* WHAT IS EXPECTED
In the entries below, begin at the line with "Citroën Ë-C3 Aircross" and stop after the line with "Séance de formation"; output those lines exactly and omit the pictures.

= Beginning of Section =

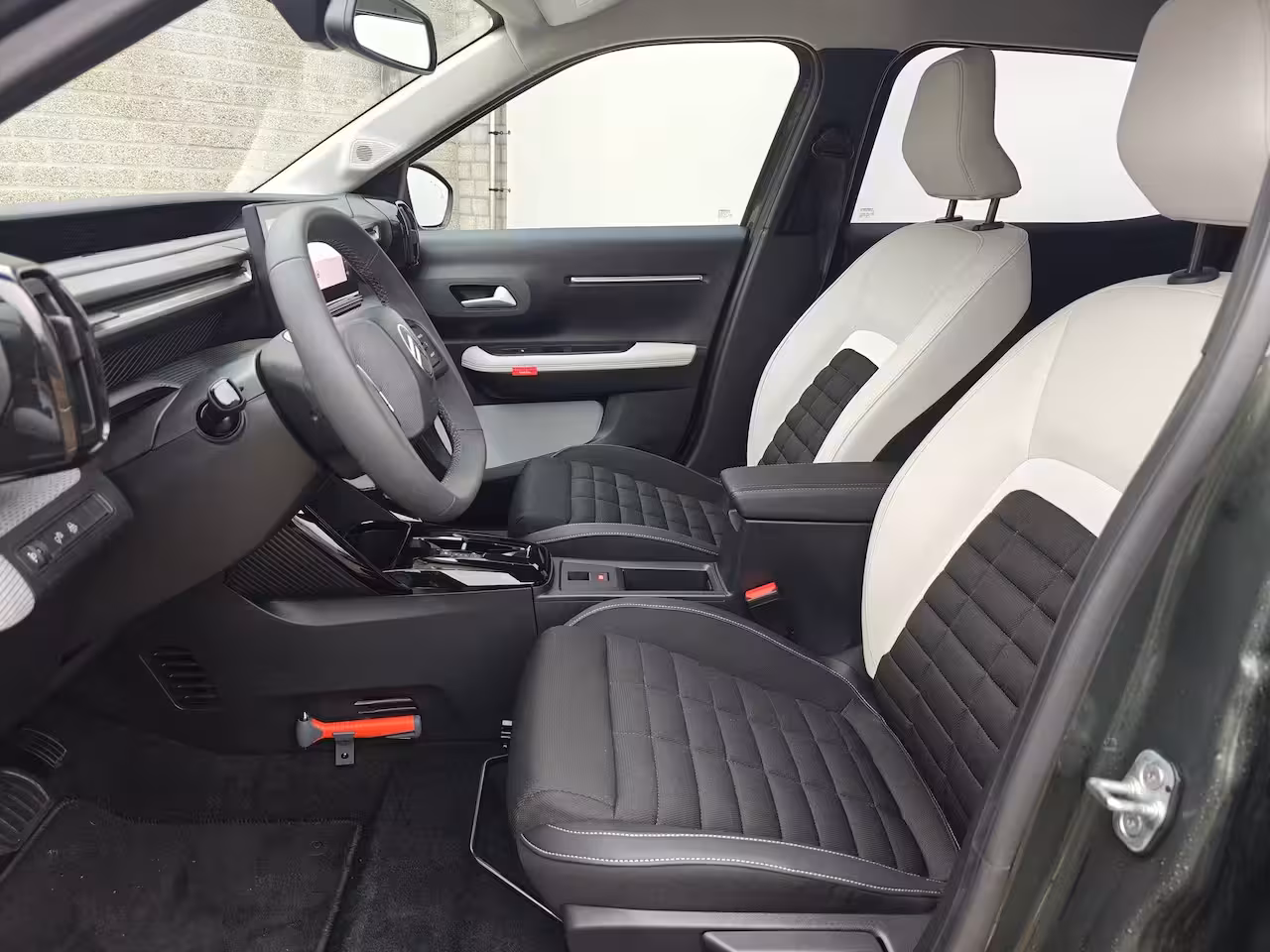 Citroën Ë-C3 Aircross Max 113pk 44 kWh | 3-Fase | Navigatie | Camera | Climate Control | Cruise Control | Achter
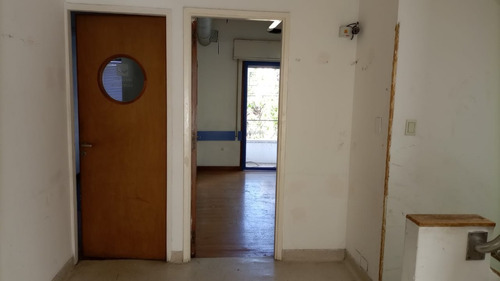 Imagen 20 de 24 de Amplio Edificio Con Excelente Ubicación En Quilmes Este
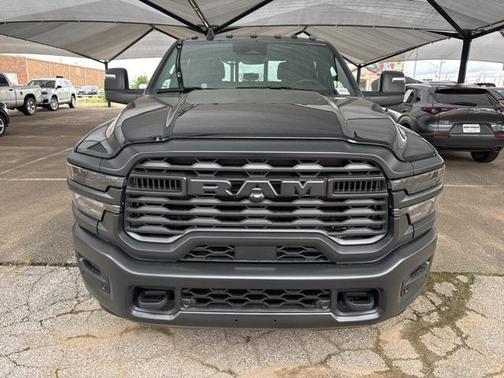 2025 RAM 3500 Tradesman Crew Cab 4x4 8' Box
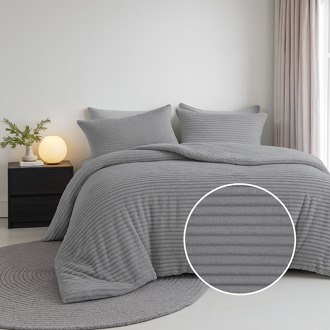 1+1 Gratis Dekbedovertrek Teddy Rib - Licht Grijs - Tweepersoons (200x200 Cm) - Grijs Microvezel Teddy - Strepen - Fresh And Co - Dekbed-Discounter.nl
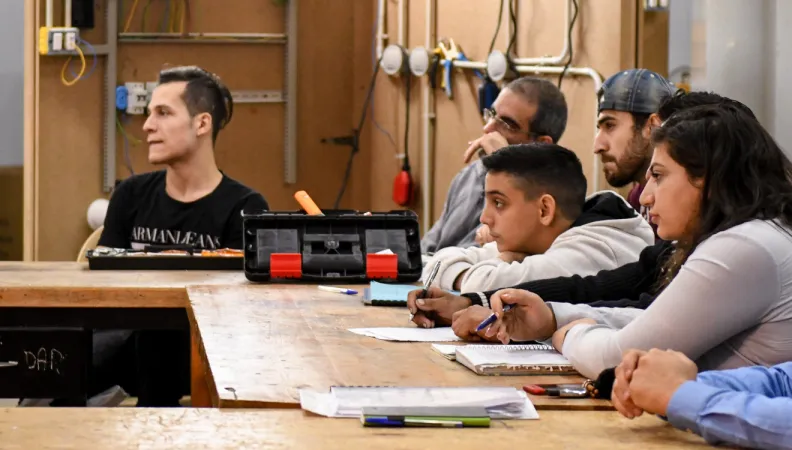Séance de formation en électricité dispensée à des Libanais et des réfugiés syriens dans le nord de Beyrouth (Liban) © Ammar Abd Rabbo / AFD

= End of Section =
= Beginning of Section =

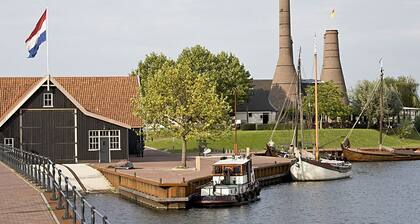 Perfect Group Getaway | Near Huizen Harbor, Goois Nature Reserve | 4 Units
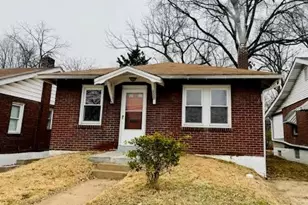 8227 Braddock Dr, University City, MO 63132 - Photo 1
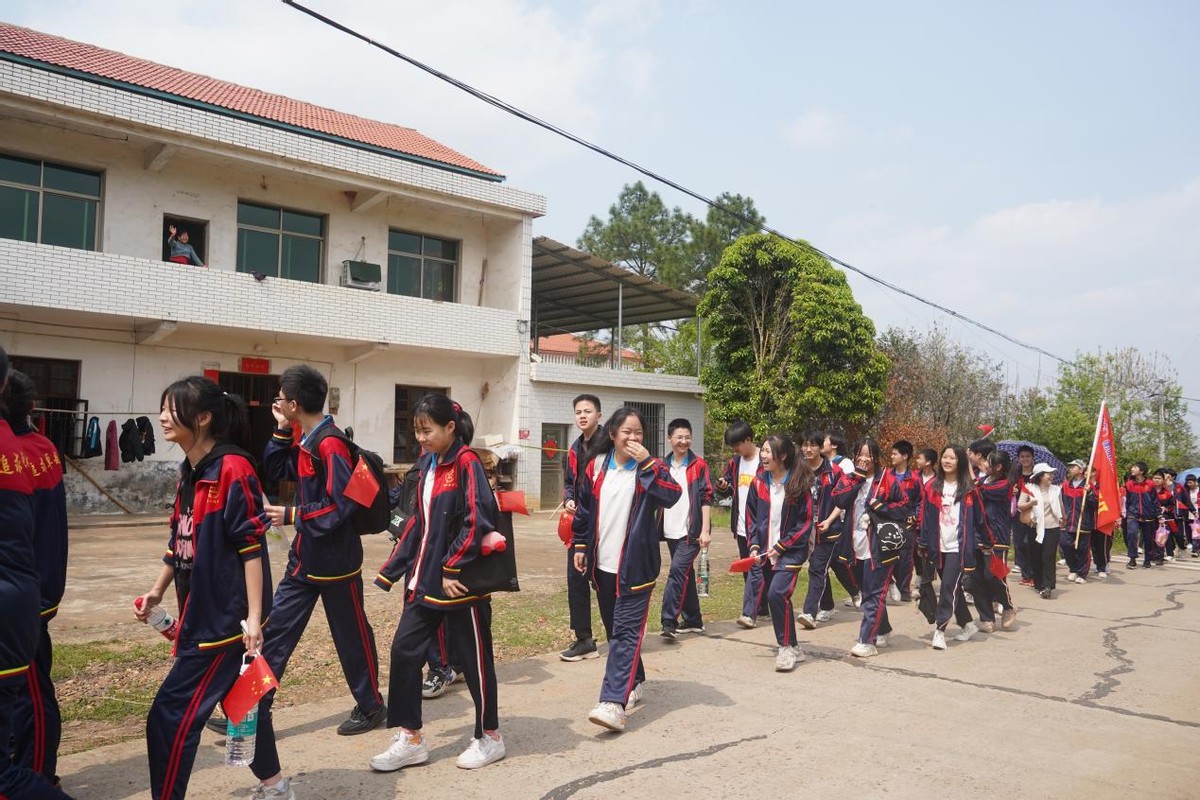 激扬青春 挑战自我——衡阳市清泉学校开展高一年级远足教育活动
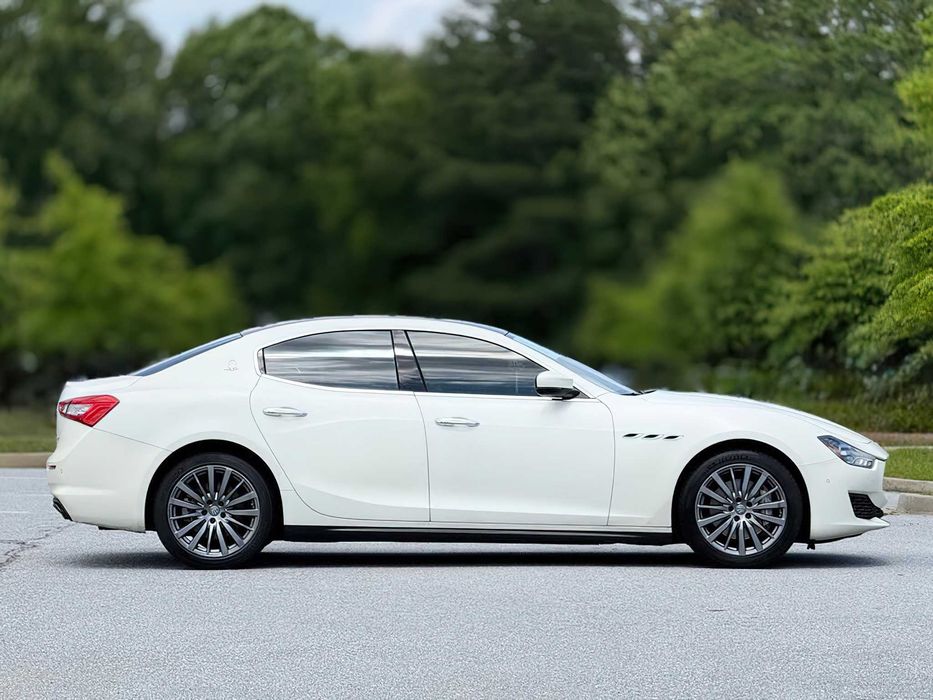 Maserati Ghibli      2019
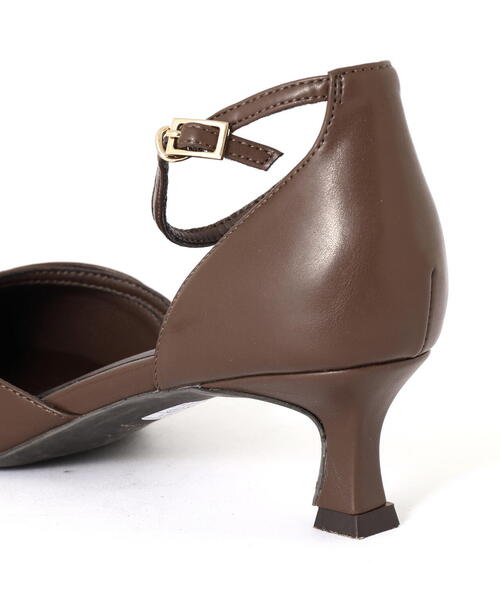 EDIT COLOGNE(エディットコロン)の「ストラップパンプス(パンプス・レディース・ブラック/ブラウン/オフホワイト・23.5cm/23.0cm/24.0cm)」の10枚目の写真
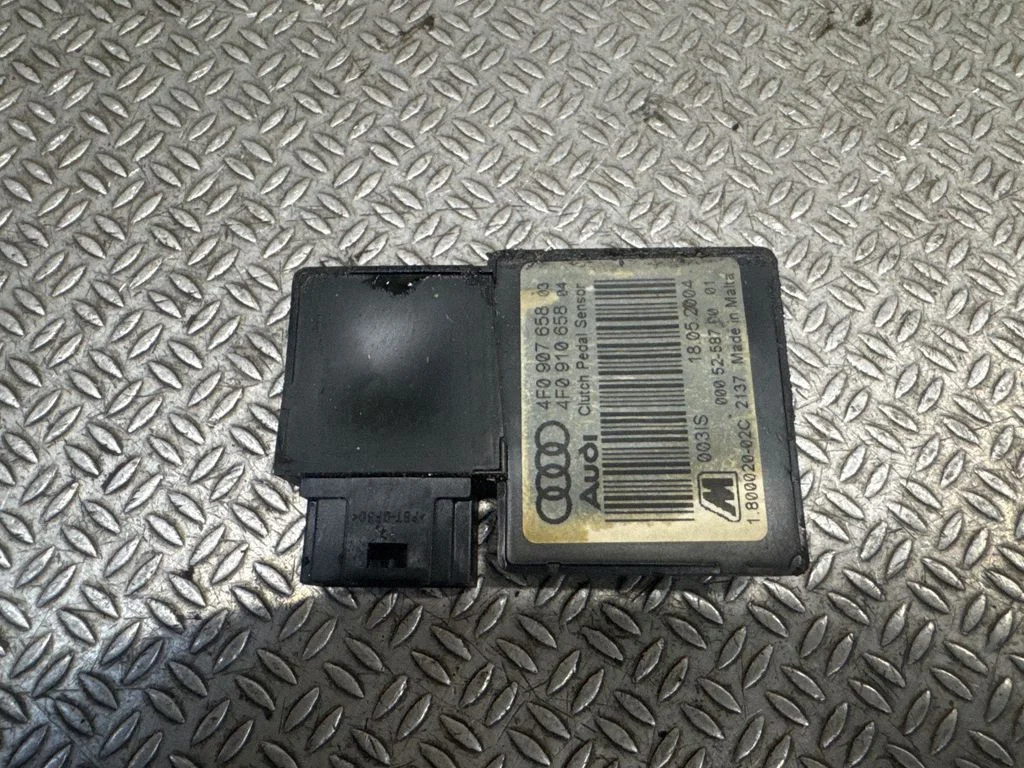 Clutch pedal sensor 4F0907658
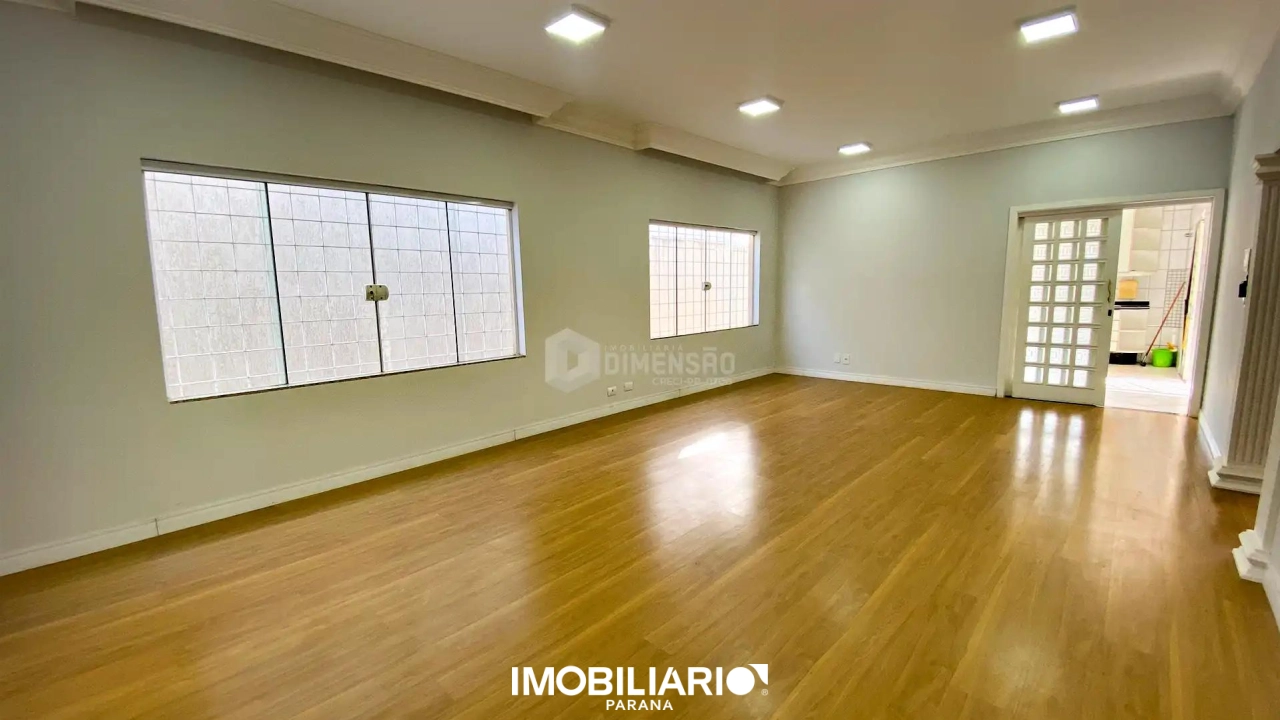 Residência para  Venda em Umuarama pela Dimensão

= End of Section =

* ANSWER SPACE
 Citroën Ë-C3 Aircross Max 113pk 44 kWh | 3-Fase | Navigatie | Camera | Climate Control | Cruise Control | Achter
 Imagen 20 de 24 de Amplio Edificio Con Excelente Ubicación En Quilmes Este
 2025 RAM 3500 Tradesman Crew Cab 4x4 8' Box
 1+1 Gratis Dekbedovertrek Teddy Rib - Licht Grijs - Tweepersoons (200x200 Cm) - Grijs Microvezel Teddy - Strepen - Fresh And Co - Dekbed-Discounter.nl
Séance de formation en électricité dispensée à des Libanais et des réfugiés syriens dans le nord de Beyrouth (Liban) © Ammar Abd Rabbo / AFD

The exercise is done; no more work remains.